YogurtBlake and I are both in the kitchen. I am making my lunch and he is at his perpetual seat on one of the banquette cushions around the kitchen table.  He sits there so often that the cushion is most certainly permanently indented.  I open the refrigerator door to pull out the ingredients for the sandwich I am about to make.  Then, I do a double take.

What looks strange in here?  Ah!  Two open boxes of yogurt tubes.

“Blake,” I begin. “Do you know why there are two boxes of the green yogurt tubes open?”

I feel stupid before the words are even out of my mouth.  Why can’t I just keep myself quiet?  I already know it has something to do with OCD.  Do I have to rub it in?  Or am I calling OCD out?  It doesn’t matter, the words are already out.

“One of them fell…” he begins.  Then he stops.  “I know.”

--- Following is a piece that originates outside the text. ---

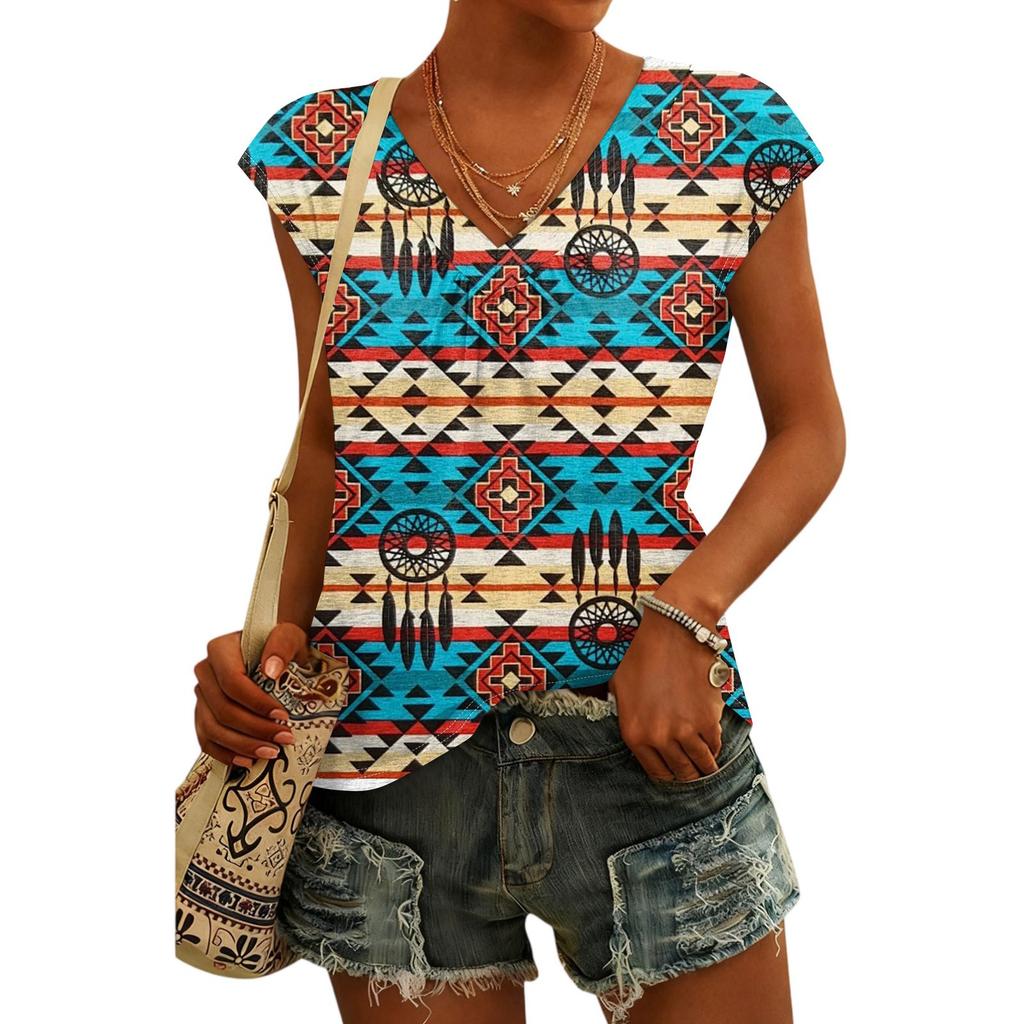 Women's Fashion V-neck Bohemian Print Short Sleeve Top
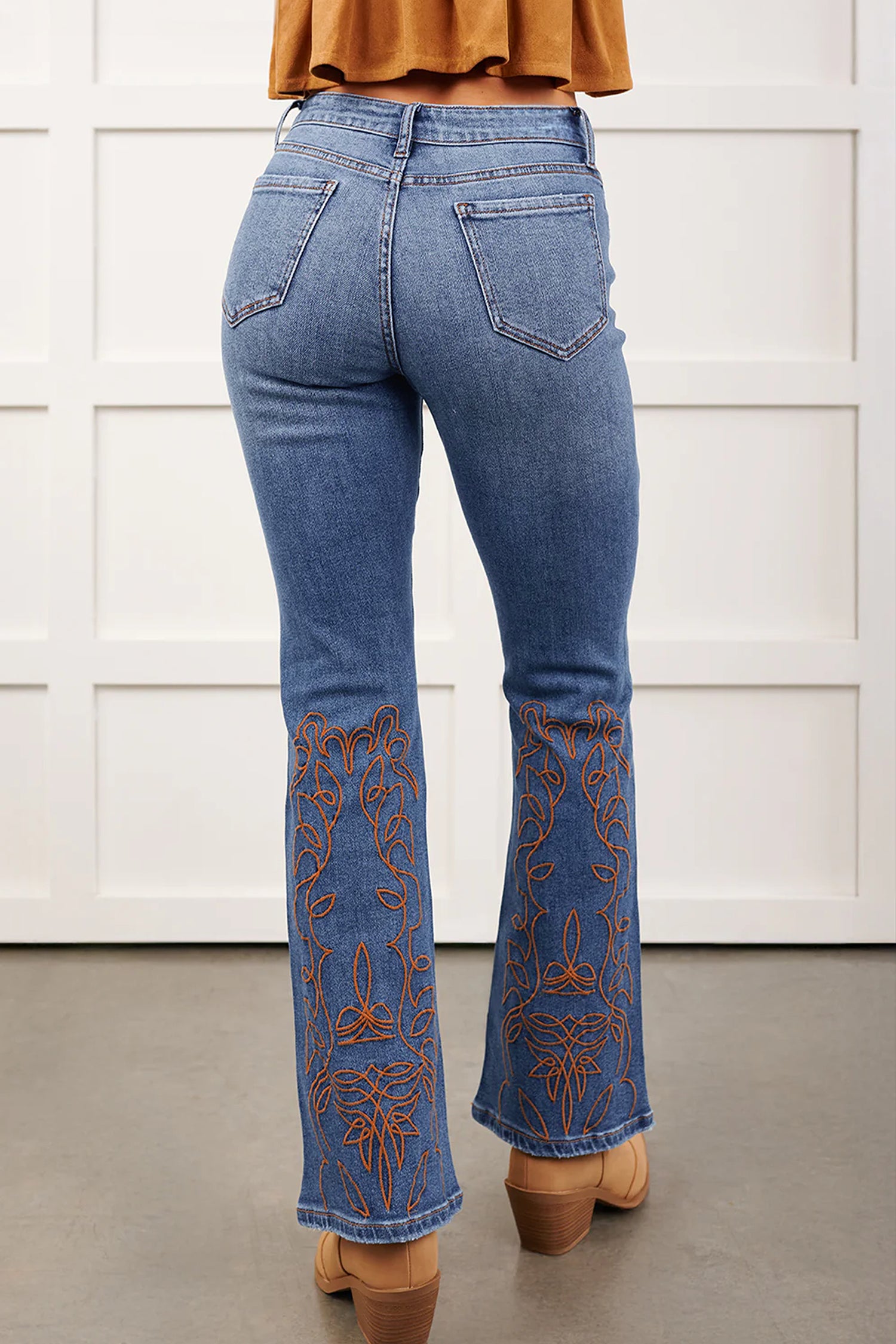 Ashleigh Blue Embroidered Flare Leg Jeans – Dark Blue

His “I know” is a signal and an acknowledgement in one.  He is acknowledging that his OCD got him to discard a perfectly good box of yogurt tubes just because they happened to fall out onto some “unsanitary” surface.  The signal is:  Go ahead, Mom.  Put all the yogurt tubes in one box.  I’ll eat them all and defy what OCD originally directed me to do.

I set both boxes of yogurt tubes onto the counter.  One by one, I put the remaining tubes from one box into the other.  Blake half watches, but, really, he’s already moved on. Within a day or so he has already eaten all the remaining yogurt.  No mention of contamination; no washing rituals.  Just eaten with the gusto of a 16-year-old male appetite.

OCD can be tricky.  Sometimes the sufferer and family members have to call its bluff. Got-cha this time, OCD!